Blitz Bureau
NEW DELHI: The Supreme Court has issued notice on a Public Interest Litigation (PIL) seeking implementation of the “creamy layer” principle within reservations for Scheduled Castes (SCs) and Scheduled Tribes (STs), reported IANS.
A Bench headed by the Chief Justice of India (CJI), Surya Kant, and comprising Justices R Mahadevan and Joymalya Bagchi on March 10 sought responses from the Union Government as well as state governments and Union Territory (UT) administrations in the matter, and tagged the plea with a pending petition seeking similar relief. The latest petition filed by former bureaucrat Gyanendra Kumar Khare has arrayed the Centre, all state governments, UTs and the National Human Rights Commission (NHRC) as respondents.

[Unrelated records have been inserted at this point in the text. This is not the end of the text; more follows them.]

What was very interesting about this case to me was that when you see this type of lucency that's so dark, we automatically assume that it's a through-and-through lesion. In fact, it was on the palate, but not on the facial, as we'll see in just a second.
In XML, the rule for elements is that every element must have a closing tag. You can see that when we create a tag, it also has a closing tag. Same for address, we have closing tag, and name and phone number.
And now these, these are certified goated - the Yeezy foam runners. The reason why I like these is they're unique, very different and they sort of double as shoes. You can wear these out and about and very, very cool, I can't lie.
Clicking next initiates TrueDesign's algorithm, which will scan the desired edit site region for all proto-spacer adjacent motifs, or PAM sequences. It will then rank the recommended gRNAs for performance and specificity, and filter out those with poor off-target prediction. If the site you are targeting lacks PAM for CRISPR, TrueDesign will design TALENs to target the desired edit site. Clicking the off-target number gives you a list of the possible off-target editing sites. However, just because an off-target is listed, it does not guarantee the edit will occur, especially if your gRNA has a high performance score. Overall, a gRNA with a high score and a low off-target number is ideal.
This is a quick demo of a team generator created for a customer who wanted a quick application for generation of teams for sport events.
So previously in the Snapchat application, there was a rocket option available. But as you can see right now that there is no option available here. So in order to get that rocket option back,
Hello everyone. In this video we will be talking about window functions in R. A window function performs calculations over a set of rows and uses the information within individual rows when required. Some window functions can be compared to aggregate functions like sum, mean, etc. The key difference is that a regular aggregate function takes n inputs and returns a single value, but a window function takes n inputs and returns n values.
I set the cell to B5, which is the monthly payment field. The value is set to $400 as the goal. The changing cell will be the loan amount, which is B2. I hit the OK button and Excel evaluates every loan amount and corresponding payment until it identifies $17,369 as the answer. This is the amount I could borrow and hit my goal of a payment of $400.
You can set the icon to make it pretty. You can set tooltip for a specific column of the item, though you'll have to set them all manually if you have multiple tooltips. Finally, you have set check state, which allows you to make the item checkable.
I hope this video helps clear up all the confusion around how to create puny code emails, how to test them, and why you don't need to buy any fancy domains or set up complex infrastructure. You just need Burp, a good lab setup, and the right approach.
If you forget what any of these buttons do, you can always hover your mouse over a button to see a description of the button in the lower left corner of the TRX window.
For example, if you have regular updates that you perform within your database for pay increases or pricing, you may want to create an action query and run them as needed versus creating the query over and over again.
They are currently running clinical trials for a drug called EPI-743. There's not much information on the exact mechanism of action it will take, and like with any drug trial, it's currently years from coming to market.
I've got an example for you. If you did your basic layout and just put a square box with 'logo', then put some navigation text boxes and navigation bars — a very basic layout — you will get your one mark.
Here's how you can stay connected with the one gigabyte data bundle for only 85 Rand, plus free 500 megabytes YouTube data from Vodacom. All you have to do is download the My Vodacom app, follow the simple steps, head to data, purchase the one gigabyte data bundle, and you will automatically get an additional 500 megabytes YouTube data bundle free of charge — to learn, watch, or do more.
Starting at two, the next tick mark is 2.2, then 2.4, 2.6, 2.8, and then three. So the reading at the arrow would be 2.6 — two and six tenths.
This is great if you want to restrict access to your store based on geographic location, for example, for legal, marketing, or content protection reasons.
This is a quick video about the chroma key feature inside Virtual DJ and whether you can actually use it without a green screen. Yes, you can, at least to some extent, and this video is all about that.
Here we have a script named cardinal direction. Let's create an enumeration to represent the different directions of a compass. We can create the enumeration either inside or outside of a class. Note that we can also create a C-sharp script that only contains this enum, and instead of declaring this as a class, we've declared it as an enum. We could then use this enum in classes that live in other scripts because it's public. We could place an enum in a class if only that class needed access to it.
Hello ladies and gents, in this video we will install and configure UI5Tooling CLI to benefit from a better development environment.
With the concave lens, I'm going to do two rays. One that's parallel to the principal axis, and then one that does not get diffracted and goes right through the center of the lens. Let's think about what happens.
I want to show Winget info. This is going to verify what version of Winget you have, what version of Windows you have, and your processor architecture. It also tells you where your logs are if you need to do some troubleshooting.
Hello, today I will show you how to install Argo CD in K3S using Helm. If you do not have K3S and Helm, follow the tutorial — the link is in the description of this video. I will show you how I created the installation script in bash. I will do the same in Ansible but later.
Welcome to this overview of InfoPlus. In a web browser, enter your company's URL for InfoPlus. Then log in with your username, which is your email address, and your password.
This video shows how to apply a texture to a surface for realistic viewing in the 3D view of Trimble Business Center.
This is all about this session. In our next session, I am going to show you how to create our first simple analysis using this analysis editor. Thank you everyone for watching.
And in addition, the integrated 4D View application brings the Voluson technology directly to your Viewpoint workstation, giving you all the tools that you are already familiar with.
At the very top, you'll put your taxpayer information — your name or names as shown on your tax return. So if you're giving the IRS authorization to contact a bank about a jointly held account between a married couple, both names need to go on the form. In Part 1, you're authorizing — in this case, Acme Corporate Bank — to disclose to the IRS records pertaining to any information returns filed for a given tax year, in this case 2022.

The plea, filed under Article 32 of the Constitution, contends that the continued non-implementation of the creamy layer exclusion within SC/ST reservations is “arbitrary, unconstitutional, and violative of the basic structure of the Constitution”. According to the petition, reservation under the Constitution was conceived as a remedial measure to address historical injustice and structural inequality, but was never intended to be a permanent or unconditional entitlement.
“The continued non-exclusion of the creamy layer has serious national consequences, as it fosters resentment between reserved and non-reserved categories and concentrates power and opportunity in hands of elite section,” the PIL said.
It further argued that the absence of creamy layer exclusion has led to internal stratification within SC/ST communities, creating a “class within a class” where relatively advanced families repeatedly avail reservation benefits while the most disadvantaged sections remain excluded.
“Allowing affluent SC/ST to repeatedly avail such benefits deprives poorer members of the community of opportunities to escape poverty and undermines economic justice and national development,” the petition added.